It's Different This Time Around!

Recs

35

August 19, 2009 – Comments (12)

I'm considering witing an article with the above proposed title, and would like to see how some of you react to the phrase first.

Personally, I'm far more interested in how our present predicament differs from historical case studies than how it resembles them. Comparing disparate events carries an inherent risk, whereby even one misconstrued correlation can render the comparison faulty ... and therefore the conclusions drawn from it potentially misleading. Contrasting our predicament against those same case studies, meanwhile, can glean valuable insight without attempts to leap directly to some hasty projection of what we can expect to come as comparative analyses commonly set out to do.

I suppose, however, that I would find the greatest value in a macroeconomic analysis that simultaneously compares and contrasts elements of our predicament with myriad historical cases, drawing from the well of history for insight one item at a time, and progressing to conclusions carefully only after amassing a wealth of observations.

Here's where you come in, Fools. While I have made it my mission to think along these lines throughout the crisis -- as I've observed isolated characteristics of the event and sought to place each of them within a boader context -- I'd like to know your thoughts on this complex question.

Throughout your quest to make sense of what is transpiring (a quest we have all been forced to undertake in one form or another), what specific parallels or contrasts have jumped out at you personally?  Again, because so much has been made of comparisons to Great Depression One, Japan, Weimar Germany, and even such vastly disparate events as the dot-com bubble or the 1970s inflationary event, I am more keenly interested in your take on ways in which specific historical events contrast to our predicament. They are many ... I believe the ways in which these events are utterly unprecedented will be shown in the final analysis to far outnumber the parallels that can be neatly drawn.

While listening to Bernanke, Paulson, Geithner, Frank, Bush, Obama or any of these guys portraying a response strategy that is entirely under control and proving effective in diminishing systemic risk, I continually sense that their confidence is merely an aire ... and that truthfully they're lost in an unknown wilderness with no familiar landmarks to guide them. I ascribe the complete failure of their collective responses to address the root causes of the crisis in part to this absence of a relevant map. Weimar and Zimbabwe may stand as stark reminders of potential consequences of their approach, and yet they continue down that road as if it's the only path they can find. A gold standard constrained the scale of potential fiscal response to Great Depression One, at least until Roosevelt removed that obstacle to increased spending. I've encountered too many diverse intepretations of Japan's experiences to permit simple comparing or contrasting, though to date I have considered many comparisons between our present experiences and those of Japan rather unconvincing.
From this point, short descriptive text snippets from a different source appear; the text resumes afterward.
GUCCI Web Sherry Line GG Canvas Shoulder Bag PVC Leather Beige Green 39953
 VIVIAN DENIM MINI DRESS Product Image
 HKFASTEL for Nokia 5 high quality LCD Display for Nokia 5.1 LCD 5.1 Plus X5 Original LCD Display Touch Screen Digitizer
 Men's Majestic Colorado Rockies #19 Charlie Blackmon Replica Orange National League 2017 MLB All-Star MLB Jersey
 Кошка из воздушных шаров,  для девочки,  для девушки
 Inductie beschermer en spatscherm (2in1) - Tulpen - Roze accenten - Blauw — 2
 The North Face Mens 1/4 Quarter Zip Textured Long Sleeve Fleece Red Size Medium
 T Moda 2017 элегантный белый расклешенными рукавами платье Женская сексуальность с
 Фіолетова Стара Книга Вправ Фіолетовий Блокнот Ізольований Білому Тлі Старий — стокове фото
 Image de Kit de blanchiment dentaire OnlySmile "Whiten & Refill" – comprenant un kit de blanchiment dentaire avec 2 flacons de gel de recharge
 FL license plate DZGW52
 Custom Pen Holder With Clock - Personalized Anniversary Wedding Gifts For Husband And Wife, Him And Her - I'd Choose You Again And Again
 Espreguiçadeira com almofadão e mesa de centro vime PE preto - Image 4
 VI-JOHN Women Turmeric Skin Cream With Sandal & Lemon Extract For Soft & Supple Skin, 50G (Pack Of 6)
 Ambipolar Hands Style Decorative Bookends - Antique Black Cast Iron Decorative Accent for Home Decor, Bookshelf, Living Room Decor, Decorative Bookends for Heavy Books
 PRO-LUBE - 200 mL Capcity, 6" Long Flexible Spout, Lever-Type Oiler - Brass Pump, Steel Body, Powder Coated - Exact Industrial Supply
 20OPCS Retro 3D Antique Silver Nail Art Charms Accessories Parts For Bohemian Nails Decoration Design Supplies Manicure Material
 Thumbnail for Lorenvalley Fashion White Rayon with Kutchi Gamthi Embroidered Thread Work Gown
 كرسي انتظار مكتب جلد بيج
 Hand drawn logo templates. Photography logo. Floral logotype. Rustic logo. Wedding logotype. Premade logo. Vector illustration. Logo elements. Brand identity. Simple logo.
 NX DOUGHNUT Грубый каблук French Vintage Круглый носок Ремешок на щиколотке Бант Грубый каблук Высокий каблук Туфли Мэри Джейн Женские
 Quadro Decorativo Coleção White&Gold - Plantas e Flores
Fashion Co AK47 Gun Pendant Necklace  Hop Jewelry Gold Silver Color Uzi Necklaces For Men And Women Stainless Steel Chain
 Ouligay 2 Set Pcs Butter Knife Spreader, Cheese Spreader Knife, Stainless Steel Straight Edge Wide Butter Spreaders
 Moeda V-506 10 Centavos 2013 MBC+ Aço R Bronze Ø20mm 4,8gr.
My own research has focused more heavily upon Great Depression One, and unfortunately I find that where our two Great Depressions differ materially, it is generally in ways that lead me to anticipate an event of much larger proportions this time around. It is, after all, different this time around. 

Food for thought:

Bernanke recently exclaimed: "I was not going to be the Federal Reserve Chairman who presided over the second Great Depression". Meanwhile, this Fool imagines him qualifying the statement in his own head: "Leaving it for the next guy seemed a far superior option".

12 Comments – Post Your Own

#1) On August 19, 2009 at 3:55 PM, 4everlost (29.50) wrote:

Rec #5 from me.

Don't forget that our fearless leaders are also thinking "it can't happen here..."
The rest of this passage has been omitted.